In 1976 Buenos Aires, a ten-year-old boy lives in a world of school lessons and comic books, TV shows and games of Risk. But in his hometown, the military has just seized power, and amid a climate of increasing terror and intimidation, people begin to disappear without a trace.
When his mother unexpectedly pulls him and his younger brother from school, she tells him they’re going on an impromptu family trip. But he soon realizes that this will be no ordinary holiday: his parents are known supporters of the opposition, and they are going into hiding. Holed up in a safe house in the remote hills outside the city, the family assumes new identities.

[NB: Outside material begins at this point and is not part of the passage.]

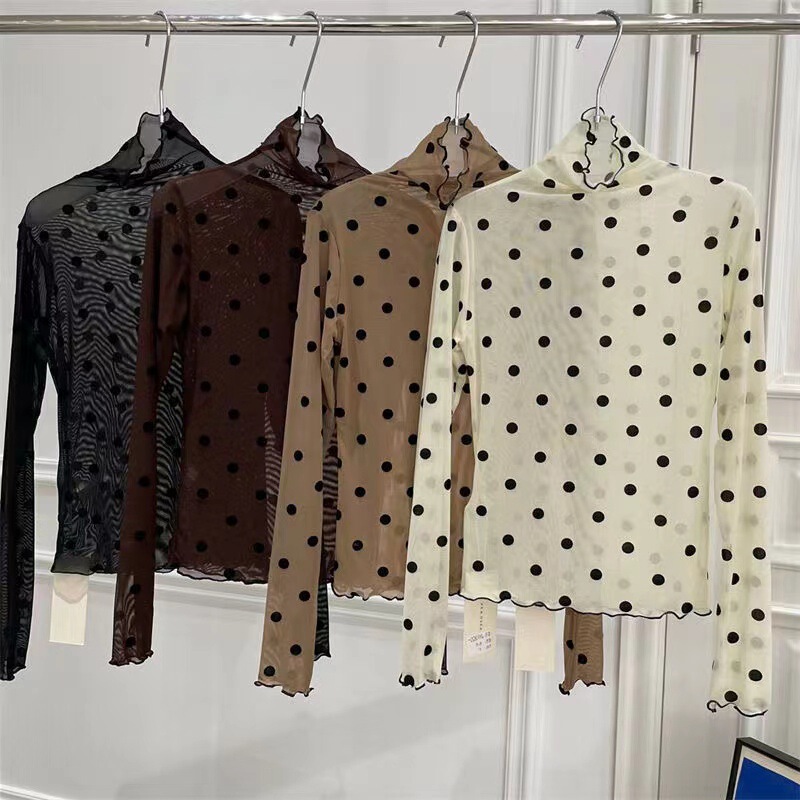 Anti-hook Silk Retro Hong Kong-style Wave Dot Mesh Base Shirt Women's Early Spring New Thin Perspective High Neck Inner T-shirt for Women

The boy names himself Harry after his hero Houdini, and as tensions rise and the uncertain world around him descends into chaos, he spends his days of exile learning the secrets of escape.
Told from the points of view of Harry as a grown man and as a boy, Kamchatka is an unforgettable story of courage and sacrifice, the tricks of time and memory, and the fragile yet resilient fabric of childhood.
“[Figueras] vividly evokes a child’s reaction to a world beleaguered by violence . . . [A] hopeful message about the healing powers of imagination and love.” —The New York Times
PUBLISHERS WEEKLY
In this meandering English-language debut from Figueras, a 10-year-old Argentinean boy's whimsical inner life helps him both explain and digest his family's fate in the aftermath of the 1976 coup. When his parents' leftist activism forces the family into hiding, the boy decides to call himself Harry after his idol, Houdini. Ensconced in a villa outside Buenos Aires, Harry staves off the boredom of being in hiding by playing the board game Risk (his favorite territory being the novel's namesake), working out with the cool 18-year-old activist staying with the family, and fantastical forays into the lives of his various heroes Superman, Aristotle, Arthur of Avalon whose stories Harry relates to his own life with uninhibited passion. The reader knows from the first chapter that Harry's family will be torn apart, yet Figueras is intent on leaving out any "grown-up" facts that would explain the ordeal, focusing instead on Harry's reflections on the malleability of memory. Yet because of the narrator's young age, conclusions such as "Time is weird" might feel more astute if they were grounded in a more trenchant narrative.